A Book Review of Addiction, by B.L. Pride

(Buy it here on Amazon. Find B.L. Pride on Goodreads.)

addiction

 

Young librarian Mila Laut was bored. Not even reeling over her messy break-up anymore (the dregs of which can’t seem to leave her alone), she pined for something…more, in life. Something exciting. Sad, soulful eyes, artfully tousled hair, and broad, chiseled shoulders fit the bill. Enter Adam Tichy.

Does a gorgeous man who hangs on your every word, as if you’re the most interesting person on the planet sound good? How about one who makes you feel like you’d do the craziest things for him, without hesitation? And if you sensed an uncontrollable urge to be with him, even admitting that there’s hardly anything you wouldn’t compromise in return for just one more electric, zinging touch of his skin? Wait…this is sounding less like love and more like a sickness, isn’t it? What’s the difference between love and addiction, anyway?
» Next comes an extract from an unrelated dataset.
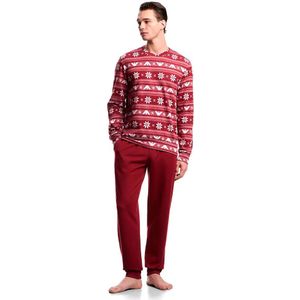 Emporio Armani Holidays Jaquard Pyjama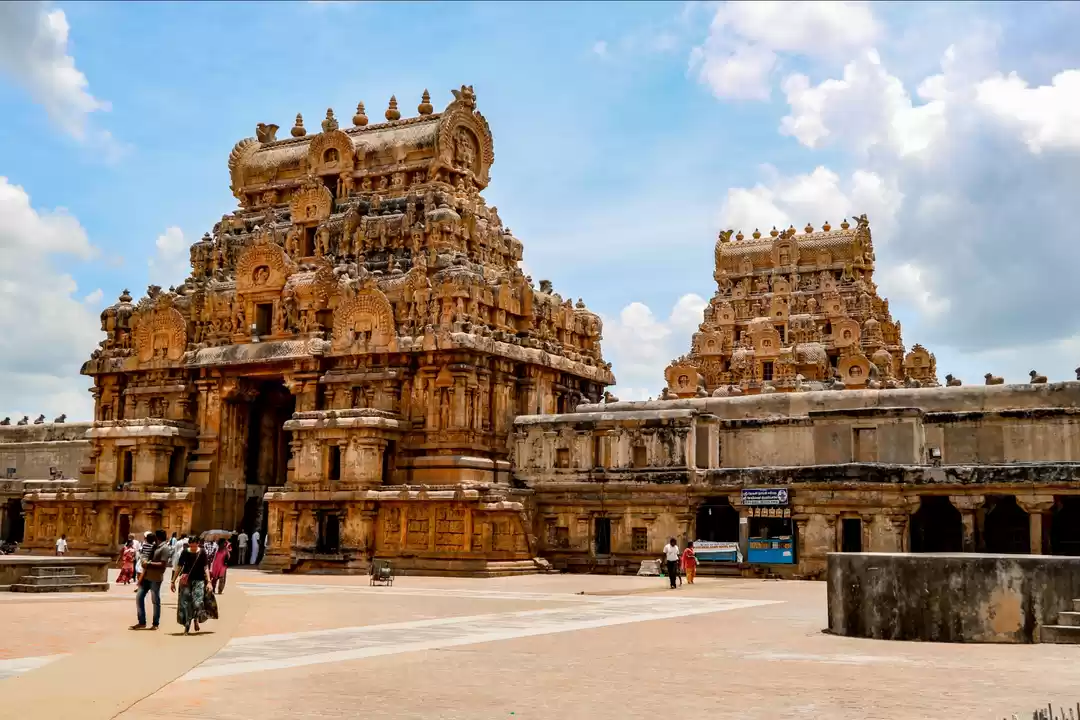 Photo of Brihadeeswara Temple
This novel explores that ageless question, and that’s part of the reason it’s much more than a simple romance. “Addiction” is a love story, and there is no shortage of steamy scenes between delectable Adam and heroine Mila. But be prepared for something darker. From the very first scenes, Mila senses something haunting about Adam and all that surrounds him—their curious first connection at a funeral; a strange, electric phenomenon when the two touch; pouring rain that hasn’t stopped since she first laid eyes on him. Mila continues to uncover clues that are obvious warning flags, like Adam’s frank declaration that there are secrets he simply will not reveal to her, for her own good. He even goes so far as to flatly state that he’s dangerous for her, alluding to terrible depths she couldn’t understand. Of course, Mila dives in anyway, and I sat on the sidelines cheering her on, turning page after page knowing I would’ve reacted the same.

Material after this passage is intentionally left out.